またこの生後4ヶ月頃までの期間を特に社会化期と呼びます。

子犬の散歩にGOサインが出たら

獣医師から散歩の許可がもらえたら、いよいよお散歩デビューです。猫好きの犬

犬との散歩ではリーダーウォークをマスターさせる事をオススメしていますのでこの記事をご一読下さい。

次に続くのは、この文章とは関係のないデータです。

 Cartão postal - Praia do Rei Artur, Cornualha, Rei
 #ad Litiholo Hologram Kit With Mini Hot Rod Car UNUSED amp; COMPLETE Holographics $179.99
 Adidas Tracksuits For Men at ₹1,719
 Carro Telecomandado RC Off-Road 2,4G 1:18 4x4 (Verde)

社会化期」の子犬なら特に意識して、多くの人や犬と会わせるようにします。
(犬を怖がらない猫がいるなら、ぜひその猫とも会わせてあげて下さい。)

ここで人や犬と接触するのが楽しい事であると子犬に覚えさせたいので、会わせる人や犬は飼主もよく知っている相手を選んで下さい。
ここで怖い思いをさせたりすると、トラウマになってしまって逆効果だからです。

お住まいの市や区と「パピークラス」または「しつけ教室」等で検索すると、沢山の犬との出会いの場や機会が見つかる場合があります。
子犬の社会化にも特に有効ですので、ぜひ参加を検討してあげて下さい。

まとめ

一昔前の日本では、犬を飼う事と番犬とを結びつけて考える事が一般的でした。
しかし現在では、見知らぬ人や犬等に向かって吠える事を「無駄吠え」と呼び、できれば矯正すべき、犬の問題行動の一つに挙げられるほどになっています。
番犬のように人見知りする犬に育てるのではなく、物怖じせず、誰にでもフレンドリーな犬に育てるのが現代のトレンドと言えます。

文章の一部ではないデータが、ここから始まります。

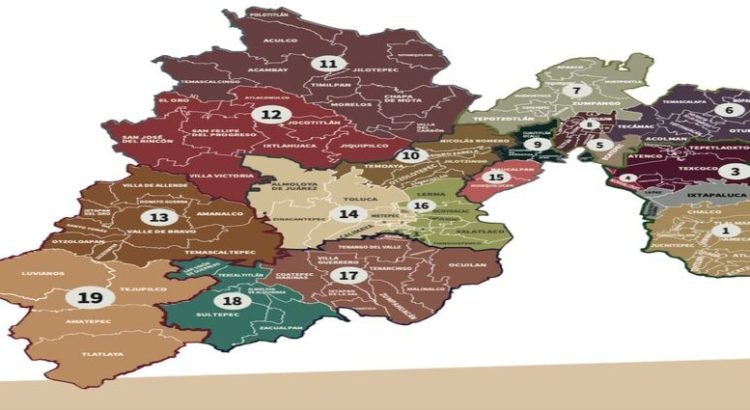 Edomex será regionalizado por zonasç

子犬が成長して、物怖じせずフレンドリーな成犬になる為には、社会化期に、どれだけ様々な経験をさせたり、人や犬とのふれあいの機会を持たせたかにかかっています。

この性格を、成犬になってから何らかの方法で矯正して獲得させる事は、不可能とは言えないまでも、とても難しいですし、出来たとしても浅いレベルに留まりがちです。

ぜひあなたの愛犬が、おおらかで人懐っこい性格の愛すべき犬に育つよう、子犬の時にこそ、この記事で書いた事を意識してあげて下さい。